▶ [ACTION ITEM]: Using the entries below, transcribe exactly the line containing "ROBE BLAZER MINI - Noir de Zara - Image 5" and each line that follows it to the end.

(EXERCISE INPUT begins)

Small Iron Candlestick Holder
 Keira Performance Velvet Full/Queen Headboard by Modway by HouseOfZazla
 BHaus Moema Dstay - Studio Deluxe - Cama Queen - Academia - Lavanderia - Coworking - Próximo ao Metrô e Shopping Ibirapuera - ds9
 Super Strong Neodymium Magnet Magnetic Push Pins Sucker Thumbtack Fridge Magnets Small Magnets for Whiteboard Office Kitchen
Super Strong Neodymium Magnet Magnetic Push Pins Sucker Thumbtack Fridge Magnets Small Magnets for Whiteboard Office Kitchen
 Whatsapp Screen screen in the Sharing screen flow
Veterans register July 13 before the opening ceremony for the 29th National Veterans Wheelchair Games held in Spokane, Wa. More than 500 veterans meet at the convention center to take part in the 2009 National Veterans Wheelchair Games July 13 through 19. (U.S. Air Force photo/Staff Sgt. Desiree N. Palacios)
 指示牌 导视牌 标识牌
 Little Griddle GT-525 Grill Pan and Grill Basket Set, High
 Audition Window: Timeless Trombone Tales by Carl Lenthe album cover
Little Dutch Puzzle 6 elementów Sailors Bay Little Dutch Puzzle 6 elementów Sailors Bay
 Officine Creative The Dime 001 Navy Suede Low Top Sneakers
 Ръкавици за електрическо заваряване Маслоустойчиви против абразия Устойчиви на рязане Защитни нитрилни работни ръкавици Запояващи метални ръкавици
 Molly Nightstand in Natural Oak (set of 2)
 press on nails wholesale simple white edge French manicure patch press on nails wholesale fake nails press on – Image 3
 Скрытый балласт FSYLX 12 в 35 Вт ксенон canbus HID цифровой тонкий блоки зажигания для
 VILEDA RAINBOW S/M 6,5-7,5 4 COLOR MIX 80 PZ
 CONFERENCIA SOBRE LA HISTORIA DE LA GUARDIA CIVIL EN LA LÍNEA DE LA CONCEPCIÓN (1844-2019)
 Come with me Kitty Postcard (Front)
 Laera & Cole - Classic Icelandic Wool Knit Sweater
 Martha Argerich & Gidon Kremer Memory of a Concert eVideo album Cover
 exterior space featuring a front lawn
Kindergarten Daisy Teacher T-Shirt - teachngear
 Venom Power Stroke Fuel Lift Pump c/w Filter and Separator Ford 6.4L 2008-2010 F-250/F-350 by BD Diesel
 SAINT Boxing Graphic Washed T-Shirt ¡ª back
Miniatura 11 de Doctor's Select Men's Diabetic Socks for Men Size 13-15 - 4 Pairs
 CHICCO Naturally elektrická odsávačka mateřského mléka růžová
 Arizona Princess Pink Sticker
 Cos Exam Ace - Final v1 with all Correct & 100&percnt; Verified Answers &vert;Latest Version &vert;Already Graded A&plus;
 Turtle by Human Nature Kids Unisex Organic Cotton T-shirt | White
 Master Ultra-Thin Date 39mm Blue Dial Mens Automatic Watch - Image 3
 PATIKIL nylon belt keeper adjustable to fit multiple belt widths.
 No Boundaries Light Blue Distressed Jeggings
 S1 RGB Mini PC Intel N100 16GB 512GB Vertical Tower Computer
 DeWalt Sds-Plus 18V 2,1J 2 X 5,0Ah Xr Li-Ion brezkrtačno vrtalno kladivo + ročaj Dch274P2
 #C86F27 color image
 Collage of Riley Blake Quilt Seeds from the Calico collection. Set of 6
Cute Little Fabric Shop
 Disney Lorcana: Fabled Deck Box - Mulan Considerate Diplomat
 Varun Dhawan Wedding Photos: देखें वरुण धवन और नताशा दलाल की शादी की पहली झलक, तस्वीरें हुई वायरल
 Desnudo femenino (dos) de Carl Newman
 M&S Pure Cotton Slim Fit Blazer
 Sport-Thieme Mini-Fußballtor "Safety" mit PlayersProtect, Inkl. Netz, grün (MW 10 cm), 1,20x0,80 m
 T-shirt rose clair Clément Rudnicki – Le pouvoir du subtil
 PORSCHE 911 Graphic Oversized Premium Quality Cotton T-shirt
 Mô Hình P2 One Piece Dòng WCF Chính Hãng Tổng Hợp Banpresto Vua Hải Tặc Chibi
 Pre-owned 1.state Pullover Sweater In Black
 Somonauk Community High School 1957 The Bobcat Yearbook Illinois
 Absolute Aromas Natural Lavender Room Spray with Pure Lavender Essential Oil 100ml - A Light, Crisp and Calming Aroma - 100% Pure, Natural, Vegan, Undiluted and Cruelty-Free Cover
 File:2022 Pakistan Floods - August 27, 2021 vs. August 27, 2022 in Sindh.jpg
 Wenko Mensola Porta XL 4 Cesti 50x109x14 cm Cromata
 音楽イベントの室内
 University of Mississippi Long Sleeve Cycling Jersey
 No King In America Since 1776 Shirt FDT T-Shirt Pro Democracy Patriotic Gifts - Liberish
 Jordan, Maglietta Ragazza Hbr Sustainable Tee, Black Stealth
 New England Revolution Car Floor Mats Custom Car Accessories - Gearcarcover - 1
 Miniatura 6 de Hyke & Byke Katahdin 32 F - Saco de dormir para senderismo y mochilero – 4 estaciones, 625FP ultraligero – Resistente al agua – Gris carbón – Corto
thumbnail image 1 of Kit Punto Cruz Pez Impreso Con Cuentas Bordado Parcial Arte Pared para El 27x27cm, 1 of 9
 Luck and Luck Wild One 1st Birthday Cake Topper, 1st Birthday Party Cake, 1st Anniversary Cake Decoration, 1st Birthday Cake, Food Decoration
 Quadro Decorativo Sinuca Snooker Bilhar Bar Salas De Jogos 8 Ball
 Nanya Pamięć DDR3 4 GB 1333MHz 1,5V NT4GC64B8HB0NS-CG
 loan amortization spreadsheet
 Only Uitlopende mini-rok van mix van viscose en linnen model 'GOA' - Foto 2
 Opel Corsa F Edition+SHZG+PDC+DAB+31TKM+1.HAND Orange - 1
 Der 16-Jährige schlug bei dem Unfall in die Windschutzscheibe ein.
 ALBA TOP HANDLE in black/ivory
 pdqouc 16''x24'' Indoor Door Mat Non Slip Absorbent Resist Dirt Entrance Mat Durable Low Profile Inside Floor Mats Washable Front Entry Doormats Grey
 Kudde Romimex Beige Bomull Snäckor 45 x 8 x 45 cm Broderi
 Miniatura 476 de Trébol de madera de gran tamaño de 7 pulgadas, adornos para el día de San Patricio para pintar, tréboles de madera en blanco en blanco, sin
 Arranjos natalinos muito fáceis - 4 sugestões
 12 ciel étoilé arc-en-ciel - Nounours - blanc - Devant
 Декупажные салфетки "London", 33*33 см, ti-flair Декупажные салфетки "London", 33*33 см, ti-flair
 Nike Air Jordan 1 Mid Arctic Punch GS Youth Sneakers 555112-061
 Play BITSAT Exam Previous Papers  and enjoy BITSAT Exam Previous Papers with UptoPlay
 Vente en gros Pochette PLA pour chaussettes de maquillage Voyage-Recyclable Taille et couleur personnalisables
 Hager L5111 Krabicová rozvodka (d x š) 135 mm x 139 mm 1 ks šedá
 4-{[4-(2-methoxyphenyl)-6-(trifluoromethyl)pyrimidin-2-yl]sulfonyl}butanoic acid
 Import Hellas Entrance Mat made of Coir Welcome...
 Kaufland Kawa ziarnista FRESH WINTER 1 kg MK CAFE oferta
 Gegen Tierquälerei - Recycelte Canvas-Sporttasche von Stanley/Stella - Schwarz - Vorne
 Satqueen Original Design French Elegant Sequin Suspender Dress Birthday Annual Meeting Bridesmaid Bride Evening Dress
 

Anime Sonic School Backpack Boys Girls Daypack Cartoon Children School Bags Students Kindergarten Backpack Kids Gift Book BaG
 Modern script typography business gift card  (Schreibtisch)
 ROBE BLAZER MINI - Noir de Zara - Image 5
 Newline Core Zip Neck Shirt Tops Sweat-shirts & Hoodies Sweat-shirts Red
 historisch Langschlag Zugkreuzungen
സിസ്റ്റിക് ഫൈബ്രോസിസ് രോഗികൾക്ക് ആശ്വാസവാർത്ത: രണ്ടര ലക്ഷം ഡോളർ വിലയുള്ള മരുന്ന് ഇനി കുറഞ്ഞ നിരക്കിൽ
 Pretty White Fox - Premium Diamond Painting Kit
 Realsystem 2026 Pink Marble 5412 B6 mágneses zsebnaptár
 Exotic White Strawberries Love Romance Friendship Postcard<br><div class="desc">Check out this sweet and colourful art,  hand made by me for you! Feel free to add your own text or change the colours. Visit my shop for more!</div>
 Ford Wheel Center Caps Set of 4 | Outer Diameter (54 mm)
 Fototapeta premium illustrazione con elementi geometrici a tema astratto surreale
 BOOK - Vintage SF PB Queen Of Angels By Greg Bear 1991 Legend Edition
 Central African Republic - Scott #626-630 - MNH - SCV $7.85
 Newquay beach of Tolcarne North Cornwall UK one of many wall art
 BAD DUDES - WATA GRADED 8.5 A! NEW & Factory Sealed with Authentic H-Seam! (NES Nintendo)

(EXERCISE INPUT ends)

▶ [RESPONSE AREA]:
 ROBE BLAZER MINI - Noir de Zara - Image 5
 Newline Core Zip Neck Shirt Tops Sweat-shirts & Hoodies Sweat-shirts Red
 historisch Langschlag Zugkreuzungen
സിസ്റ്റിക് ഫൈബ്രോസിസ് രോഗികൾക്ക് ആശ്വാസവാർത്ത: രണ്ടര ലക്ഷം ഡോളർ വിലയുള്ള മരുന്ന് ഇനി കുറഞ്ഞ നിരക്കിൽ
 Pretty White Fox - Premium Diamond Painting Kit
 Realsystem 2026 Pink Marble 5412 B6 mágneses zsebnaptár
 Exotic White Strawberries Love Romance Friendship Postcard<br><div class="desc">Check out this sweet and colourful art,  hand made by me for you! Feel free to add your own text or change the colours. Visit my shop for more!</div>
 Ford Wheel Center Caps Set of 4 | Outer Diameter (54 mm)
 Fototapeta premium illustrazione con elementi geometrici a tema astratto surreale
 BOOK - Vintage SF PB Queen Of Angels By Greg Bear 1991 Legend Edition
 Central African Republic - Scott #626-630 - MNH - SCV $7.85
 Newquay beach of Tolcarne North Cornwall UK one of many wall art
 BAD DUDES - WATA GRADED 8.5 A! NEW & Factory Sealed with Authentic H-Seam! (NES Nintendo)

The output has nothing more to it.